マイホームを建てて数年が経ち、ご近所とも平穏な日々を送っていたときのこと。隣家のリフォーム工事中、お隣の奥さまから突然「境界のブロック塀はうちの敷地なので撤去しますね」と声をかけられました。「え、うちの敷地なんですけど……?」と頭が真っ白になった私は、まず事実を確かめることにしました。
お隣さんとわが家の境界線
わが家を建てて数年が経ったころ、隣家のリフォーム工事がきっかけで、土地の境界線をめぐる問題が起きました。

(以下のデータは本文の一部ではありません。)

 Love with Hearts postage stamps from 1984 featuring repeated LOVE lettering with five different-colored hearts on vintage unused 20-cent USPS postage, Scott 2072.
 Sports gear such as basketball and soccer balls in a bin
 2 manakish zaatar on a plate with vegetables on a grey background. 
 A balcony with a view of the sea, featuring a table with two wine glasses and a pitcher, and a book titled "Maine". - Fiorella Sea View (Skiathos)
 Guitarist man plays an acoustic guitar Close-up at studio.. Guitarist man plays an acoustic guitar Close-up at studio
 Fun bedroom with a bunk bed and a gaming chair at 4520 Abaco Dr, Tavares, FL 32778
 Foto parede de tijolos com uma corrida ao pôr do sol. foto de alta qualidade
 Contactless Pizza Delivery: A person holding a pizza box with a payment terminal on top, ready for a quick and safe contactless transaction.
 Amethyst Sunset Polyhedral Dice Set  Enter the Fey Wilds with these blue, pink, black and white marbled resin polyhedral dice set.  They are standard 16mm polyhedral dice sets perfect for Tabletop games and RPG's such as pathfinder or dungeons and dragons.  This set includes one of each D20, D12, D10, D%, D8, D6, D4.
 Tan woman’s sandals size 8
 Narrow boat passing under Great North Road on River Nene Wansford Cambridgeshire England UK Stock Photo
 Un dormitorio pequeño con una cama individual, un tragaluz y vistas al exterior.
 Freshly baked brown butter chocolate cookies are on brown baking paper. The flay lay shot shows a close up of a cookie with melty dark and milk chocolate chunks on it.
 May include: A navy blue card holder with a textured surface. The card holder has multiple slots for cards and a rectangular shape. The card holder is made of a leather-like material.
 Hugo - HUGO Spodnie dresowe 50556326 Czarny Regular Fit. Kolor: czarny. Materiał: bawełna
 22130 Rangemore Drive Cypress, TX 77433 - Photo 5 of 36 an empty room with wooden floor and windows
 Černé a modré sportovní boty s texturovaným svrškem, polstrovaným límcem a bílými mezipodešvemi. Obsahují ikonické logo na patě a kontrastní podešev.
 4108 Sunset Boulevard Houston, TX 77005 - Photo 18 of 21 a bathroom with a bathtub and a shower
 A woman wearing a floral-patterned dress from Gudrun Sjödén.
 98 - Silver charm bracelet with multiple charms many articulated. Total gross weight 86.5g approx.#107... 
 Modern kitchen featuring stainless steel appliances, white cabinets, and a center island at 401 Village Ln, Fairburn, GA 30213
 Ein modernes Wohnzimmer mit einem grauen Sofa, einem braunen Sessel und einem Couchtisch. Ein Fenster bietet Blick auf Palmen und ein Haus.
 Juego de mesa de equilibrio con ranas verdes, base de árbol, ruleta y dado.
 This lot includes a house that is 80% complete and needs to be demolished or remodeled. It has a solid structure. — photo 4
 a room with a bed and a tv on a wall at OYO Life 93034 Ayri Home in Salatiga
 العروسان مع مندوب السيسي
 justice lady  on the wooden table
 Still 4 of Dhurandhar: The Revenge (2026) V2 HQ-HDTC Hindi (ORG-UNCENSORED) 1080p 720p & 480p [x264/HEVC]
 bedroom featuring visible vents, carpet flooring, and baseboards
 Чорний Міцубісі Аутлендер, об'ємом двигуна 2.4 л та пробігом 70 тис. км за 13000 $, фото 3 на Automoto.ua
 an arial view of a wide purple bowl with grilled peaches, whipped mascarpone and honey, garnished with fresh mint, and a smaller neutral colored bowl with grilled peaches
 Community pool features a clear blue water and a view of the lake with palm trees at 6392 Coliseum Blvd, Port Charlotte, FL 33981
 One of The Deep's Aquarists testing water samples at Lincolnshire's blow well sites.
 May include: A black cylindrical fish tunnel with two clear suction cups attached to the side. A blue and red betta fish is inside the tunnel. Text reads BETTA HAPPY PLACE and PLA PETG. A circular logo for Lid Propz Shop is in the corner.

工事で新しくフェンスを立て直すとき、お隣の奥さまから「境界のブロック塀はうちの敷地内にあるので、撤去して工事を進めますね」と声をかけられたのです。私はずっと、その塀がわが家の敷地内にあるものだと思い込んでいました。だから、突然そう言われて、頭の中が真っ白になったというのが正直なところです。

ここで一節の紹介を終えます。